2. Is there anything similar to the boost threadpool in the tbb world (see http://threadpool.sourceforge.net/). I have used this product with TBB without any problems but am not sure if this is the fastest solution. Would it be better to reimplement this with tbb?
There is no any special penalty for exactly this combination... probably you wanted to ask some other question...
Nope. Storing boost::shared_ptr is exactly the same as stroing raw pointer.
However, boost::shared_ptr requires additional memory allocation for counter. And this is a problem. If you need performance you must consider switching to boost::intrusive_pre. shared_ptr is a dump tool for prototyping.
Atomic ref count can potentially have HUGE performance impact. Basically total performance and scalability destruction. But can have no impact at all. It depends.
Of course! The thread pool is one of key components of TBB scheduler. TBB is a thread pool, from some point of view.
If your tasks don't execute blocking operations, then you can use TBB as-is. Otherwise you have to setup number of threads in TBB thread pool to something like number_of_processors * 32 or so (requires tweaking), however it's better to eliminate blocking from tasks.
Would it be better?.. It depends on size of your tasks.
You want to instantiate your own thread pool? In TBB you use tbb:task_scheduler_init to construct an object which contains a thread pool. TBB threadpool threads are as useful for long running or blocking tasks as any other thread; however assigning such threads to such tasks takes them out of the mix for dealing with other scheduled tasks. Is it that you want multiple thread pools? Doing so runs the risk of overcommitment, which can lead to thrashing and other impediments to performance.

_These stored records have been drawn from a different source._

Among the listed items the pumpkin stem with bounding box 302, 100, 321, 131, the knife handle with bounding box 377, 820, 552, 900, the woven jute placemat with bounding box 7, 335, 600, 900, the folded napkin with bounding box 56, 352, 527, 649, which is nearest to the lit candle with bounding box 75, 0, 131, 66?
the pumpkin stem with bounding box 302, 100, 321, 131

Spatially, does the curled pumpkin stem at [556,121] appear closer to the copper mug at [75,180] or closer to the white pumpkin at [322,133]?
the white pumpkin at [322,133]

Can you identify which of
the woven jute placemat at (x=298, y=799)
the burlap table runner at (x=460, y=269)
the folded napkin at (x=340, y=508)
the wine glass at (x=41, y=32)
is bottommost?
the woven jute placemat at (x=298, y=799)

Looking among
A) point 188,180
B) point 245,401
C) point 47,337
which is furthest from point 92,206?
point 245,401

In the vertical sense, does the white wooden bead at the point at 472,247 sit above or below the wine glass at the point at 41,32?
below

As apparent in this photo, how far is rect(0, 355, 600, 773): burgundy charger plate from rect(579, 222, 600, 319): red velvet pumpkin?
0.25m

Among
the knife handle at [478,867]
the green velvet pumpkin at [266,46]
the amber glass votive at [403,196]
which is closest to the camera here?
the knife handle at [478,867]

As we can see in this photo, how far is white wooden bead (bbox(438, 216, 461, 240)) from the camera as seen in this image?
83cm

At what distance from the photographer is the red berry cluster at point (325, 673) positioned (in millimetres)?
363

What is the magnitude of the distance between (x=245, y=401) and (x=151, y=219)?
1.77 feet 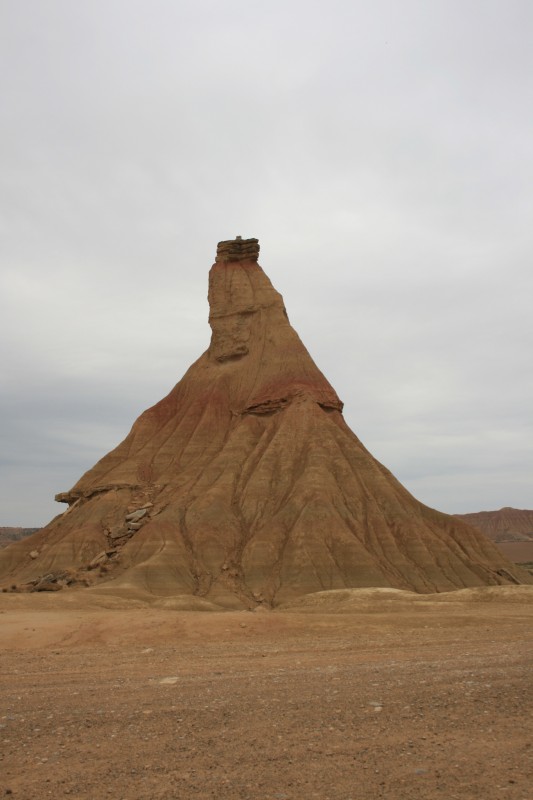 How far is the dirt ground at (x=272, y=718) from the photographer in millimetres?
7707

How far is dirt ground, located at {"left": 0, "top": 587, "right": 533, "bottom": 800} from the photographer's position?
771 cm

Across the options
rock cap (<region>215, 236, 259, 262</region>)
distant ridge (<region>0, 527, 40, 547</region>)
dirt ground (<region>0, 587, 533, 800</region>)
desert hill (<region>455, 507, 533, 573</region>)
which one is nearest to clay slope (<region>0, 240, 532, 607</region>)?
rock cap (<region>215, 236, 259, 262</region>)

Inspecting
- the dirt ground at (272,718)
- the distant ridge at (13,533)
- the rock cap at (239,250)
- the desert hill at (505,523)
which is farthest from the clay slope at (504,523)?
the dirt ground at (272,718)

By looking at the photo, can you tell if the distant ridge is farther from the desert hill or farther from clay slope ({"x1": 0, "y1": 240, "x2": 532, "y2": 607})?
the desert hill

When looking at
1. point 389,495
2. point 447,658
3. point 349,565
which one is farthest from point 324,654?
point 389,495

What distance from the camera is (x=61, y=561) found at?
155ft

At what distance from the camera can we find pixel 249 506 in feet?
158

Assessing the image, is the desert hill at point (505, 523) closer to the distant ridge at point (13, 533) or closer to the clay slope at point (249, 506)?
the distant ridge at point (13, 533)

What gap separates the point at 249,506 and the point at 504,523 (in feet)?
492

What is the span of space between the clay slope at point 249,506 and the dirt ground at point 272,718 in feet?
70.0

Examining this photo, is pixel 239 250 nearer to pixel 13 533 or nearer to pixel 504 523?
pixel 13 533

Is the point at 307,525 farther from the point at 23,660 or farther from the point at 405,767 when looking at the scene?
the point at 405,767

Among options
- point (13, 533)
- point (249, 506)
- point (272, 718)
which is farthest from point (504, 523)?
point (272, 718)

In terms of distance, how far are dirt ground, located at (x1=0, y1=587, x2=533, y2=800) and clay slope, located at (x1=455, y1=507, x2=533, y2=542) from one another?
520ft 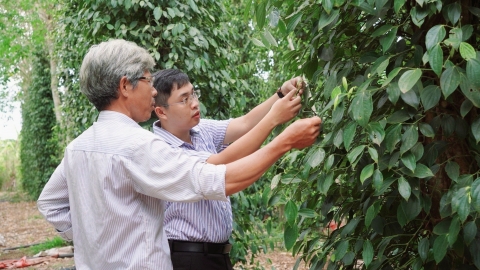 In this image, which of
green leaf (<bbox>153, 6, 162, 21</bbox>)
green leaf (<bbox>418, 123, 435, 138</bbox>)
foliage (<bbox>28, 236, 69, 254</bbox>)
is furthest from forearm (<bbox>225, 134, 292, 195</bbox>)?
foliage (<bbox>28, 236, 69, 254</bbox>)

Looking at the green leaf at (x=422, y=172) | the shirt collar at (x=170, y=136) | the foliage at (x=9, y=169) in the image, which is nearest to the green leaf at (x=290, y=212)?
the green leaf at (x=422, y=172)

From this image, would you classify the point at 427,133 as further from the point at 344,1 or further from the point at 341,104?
the point at 344,1

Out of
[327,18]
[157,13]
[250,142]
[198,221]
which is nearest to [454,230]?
[327,18]

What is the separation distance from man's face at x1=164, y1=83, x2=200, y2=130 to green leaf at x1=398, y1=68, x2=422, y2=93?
145cm

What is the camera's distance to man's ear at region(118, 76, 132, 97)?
2.34 metres

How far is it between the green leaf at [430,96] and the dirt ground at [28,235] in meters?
4.01

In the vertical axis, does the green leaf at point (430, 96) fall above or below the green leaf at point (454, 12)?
below

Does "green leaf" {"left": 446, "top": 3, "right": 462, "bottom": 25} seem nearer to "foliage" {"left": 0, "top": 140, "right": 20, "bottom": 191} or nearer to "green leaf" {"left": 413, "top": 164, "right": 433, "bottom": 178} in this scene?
"green leaf" {"left": 413, "top": 164, "right": 433, "bottom": 178}

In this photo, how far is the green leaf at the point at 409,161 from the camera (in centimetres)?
192

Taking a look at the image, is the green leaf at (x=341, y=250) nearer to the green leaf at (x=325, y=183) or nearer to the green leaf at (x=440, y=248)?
the green leaf at (x=325, y=183)

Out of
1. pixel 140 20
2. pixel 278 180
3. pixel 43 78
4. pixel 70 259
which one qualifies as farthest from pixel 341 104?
pixel 43 78

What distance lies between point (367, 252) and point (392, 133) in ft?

If you need a couple threads in the pool for blocking, you could always bump the count of the number of threads created by the task_scheduler_init, knowing that when those extra threads are not blocking, they might be competing for resources with other threads.
Can you describe more your need for an explicit thread pool?
I think there is a way to do this in TBB. Use a single pipeline that has only a single stage. The stage should be parallel and process an entire file.(TBB 2.1 made some fixes so that a parallel input stage really runs in parallel).
The input to the pipeline should be the list of files. Set the max_number_of_live_tokens parameter to the thread limit that you want. That will give you FIFO processing, and limit the number of files being processed at any moment
If the list of files is itself a serial stream, then use an initial serial stage to pop file names from the list, and feed each name into a subsequent parallel stage that processes the file.
Quoting - tbbnovice
Thanks. Let me explain what I want to do. I am working on something like the capitalize-words-in-chunk example in the book, except I have multiple files to read from (there is no need to merge the files, so the pipelines are completely independent). However, the first stage can block on I/O because it reads from a file, so I want to instantiate each pipeline in its own thread (earlier, I was thinking of using a parallel_for but because these are long-running+blocking tasks, I heard on this forum that I should not be doing that).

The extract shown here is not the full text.